== Segment start ==

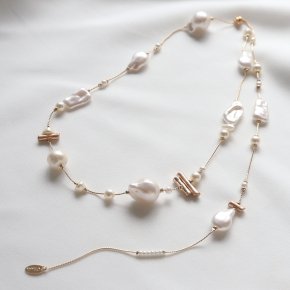 Glas pearl necklace（ガラスパールネックレス）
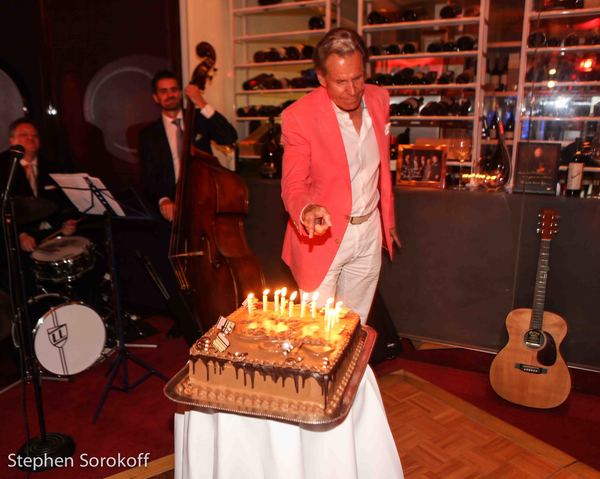 Photo Coverage: Bill Boggs Sings At Le Cirque's Musical Mondays Image
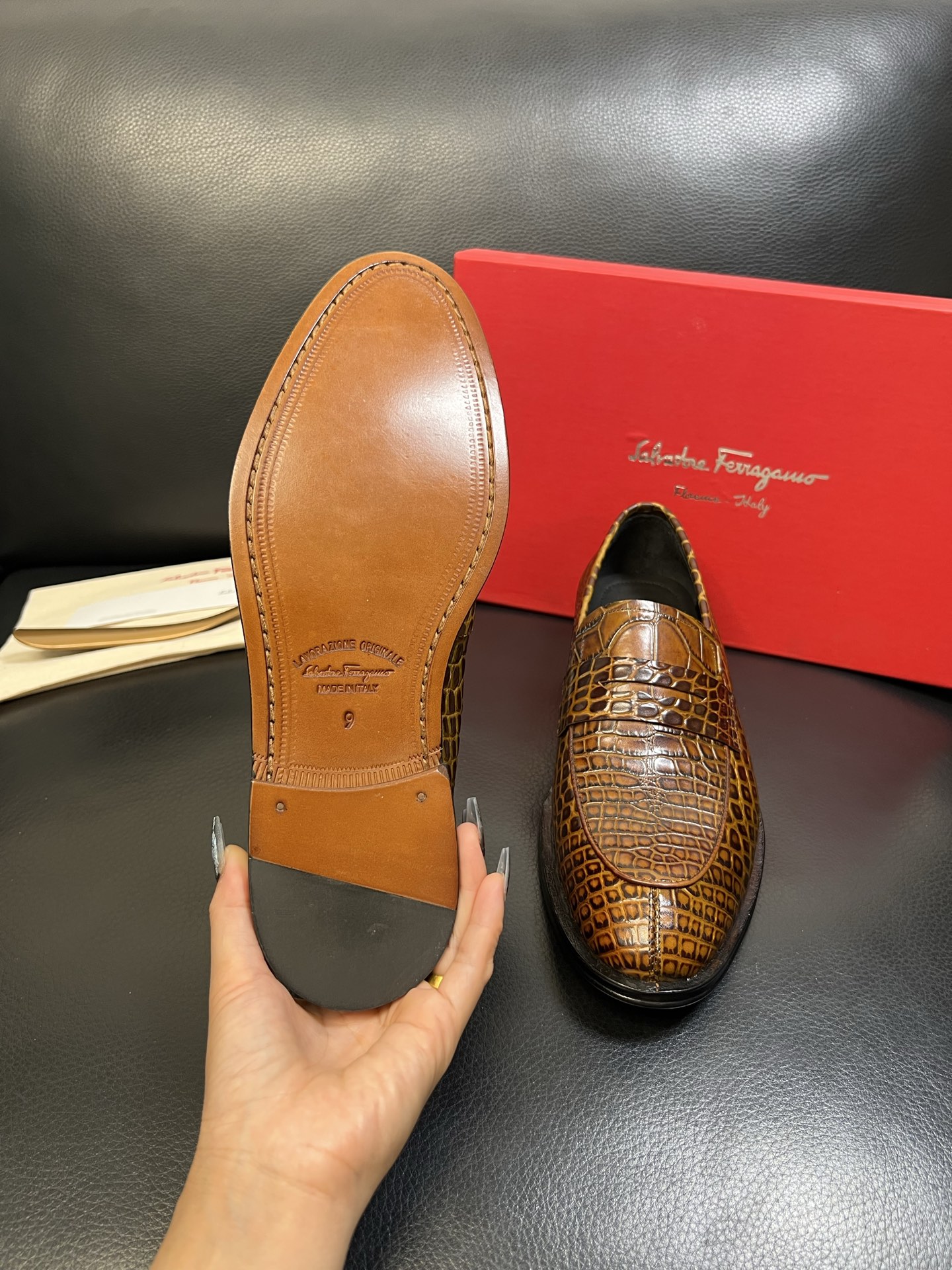 Ferragamo 高品质 顶级工艺品 菲拉格慕 专柜同步发售原厂配置，意大利进口原版牛皮，进口水染牛里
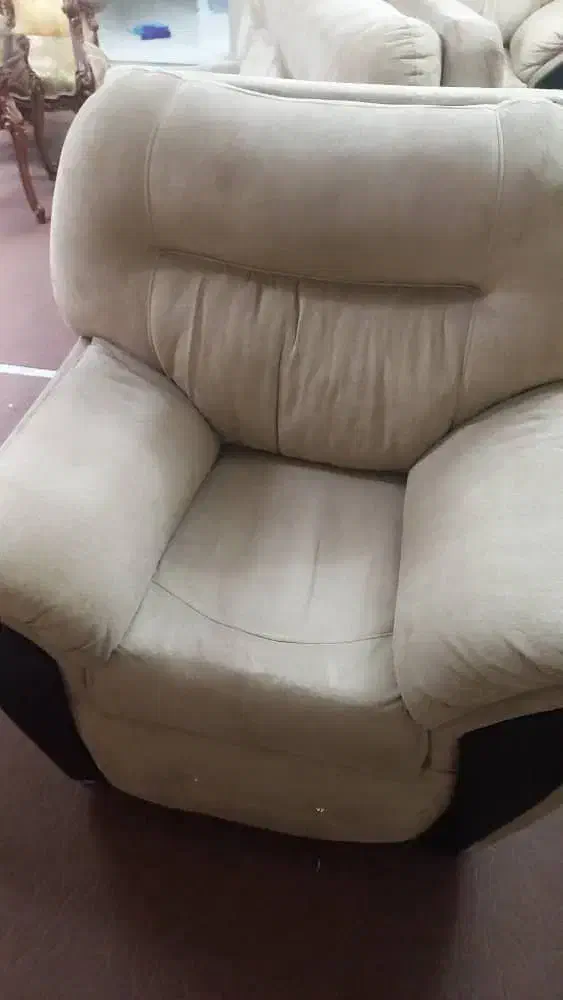 مبلمان راحتی ۷ نفره کارکرده|مبلمان خانگی و میز عسلی|اشتهارد, |دیوار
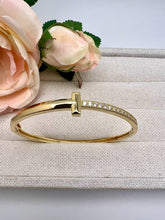 Load image into Gallery viewer, Inspired fine Tify cz lock bracelet
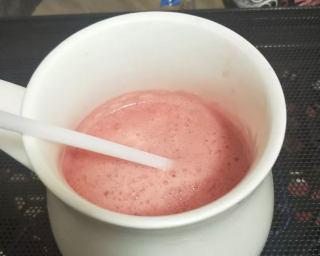 美味清凉的以西瓜奶昔（做法简单易学，享受夏日的美好时光）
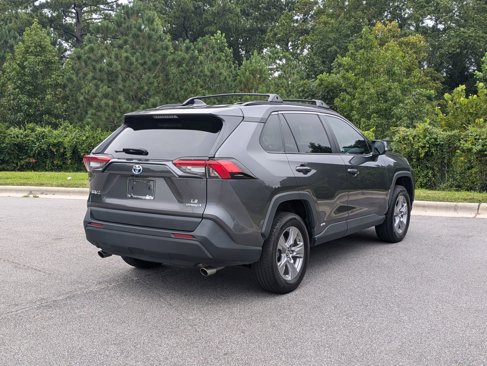 Used 2022 Toyota RAV4 LE image 5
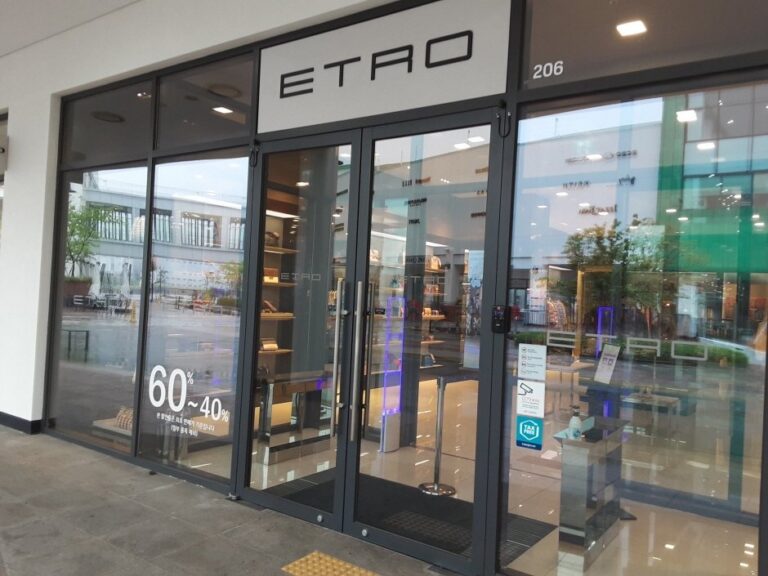 [京畿道] [事後免稅店] Etro(에트로)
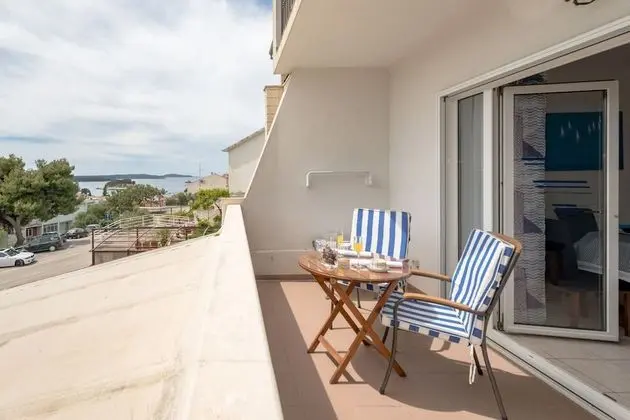 Junior Apart Daire, 1 Büyük (Queen) Boy Yatak, Deniz Manzaralı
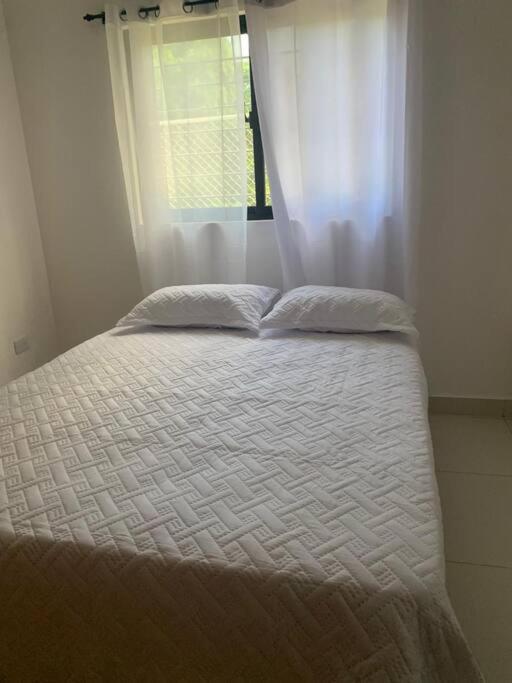 New Beachfront at Sunset Apartments 3 Bedroom 2 Bath Gym Pool PS5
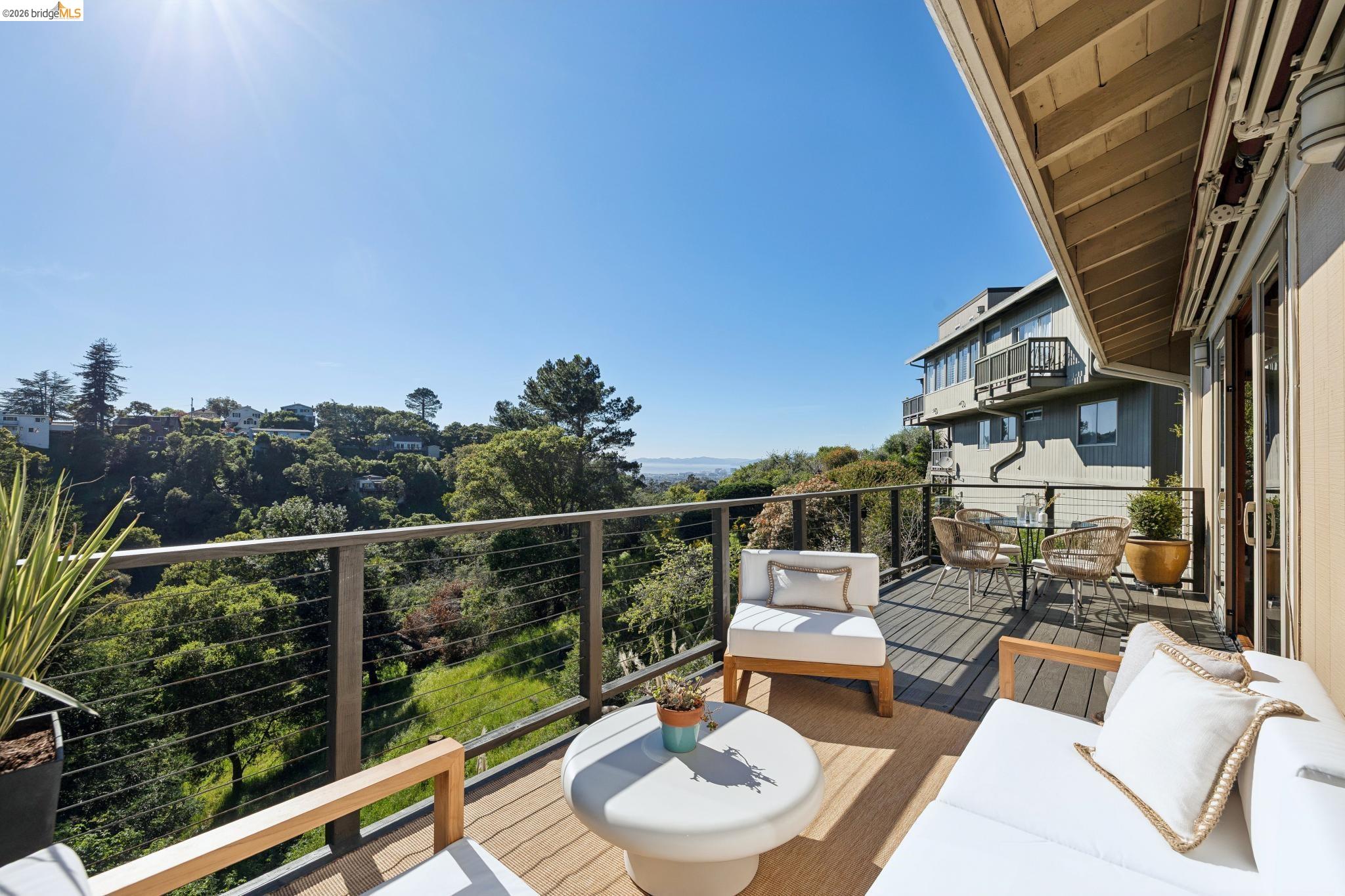 Detail Gallery Image 16 of 43 For 5 Abbott Way, Piedmont,  CA 94618 - 4 Beds | 3/1 Baths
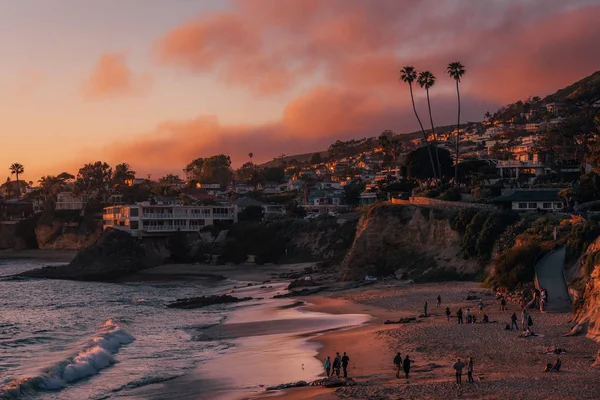 Sunset beach Heisler Park, Laguna Beach, turuncu C üzerinde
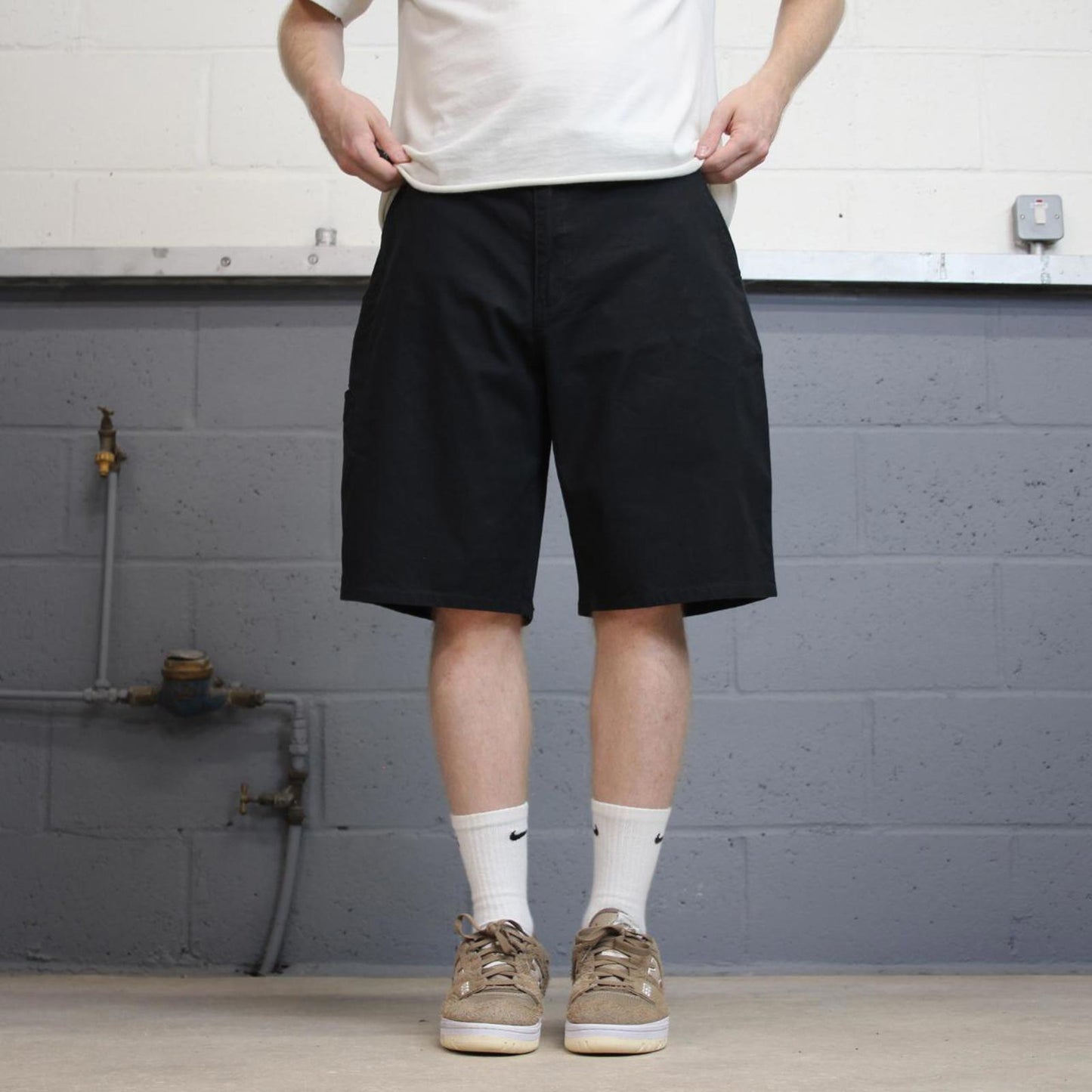 Baggy black Dickies carpenter shorts W36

== Segment end ==

Exercise objective -> Make an exact reproduction of the listing above, without any pictures.

Expected output ->
 Glas pearl necklace（ガラスパールネックレス）
 Photo Coverage: Bill Boggs Sings At Le Cirque's Musical Mondays Image
 Ferragamo 高品质 顶级工艺品 菲拉格慕 专柜同步发售原厂配置，意大利进口原版牛皮，进口水染牛里
 مبلمان راحتی ۷ نفره کارکرده|مبلمان خانگی و میز عسلی|اشتهارد, |دیوار
 Load image into Gallery viewer, Inspired fine Tify cz lock bracelet
 美味清凉的以西瓜奶昔（做法简单易学，享受夏日的美好时光）
 Used 2022 Toyota RAV4 LE image 5
 [京畿道] [事後免稅店] Etro(에트로)
 Junior Apart Daire, 1 Büyük (Queen) Boy Yatak, Deniz Manzaralı
 New Beachfront at Sunset Apartments 3 Bedroom 2 Bath Gym Pool PS5
 Detail Gallery Image 16 of 43 For 5 Abbott Way, Piedmont,  CA 94618 - 4 Beds | 3/1 Baths
 Sunset beach Heisler Park, Laguna Beach, turuncu C üzerinde
 Baggy black Dickies carpenter shorts W36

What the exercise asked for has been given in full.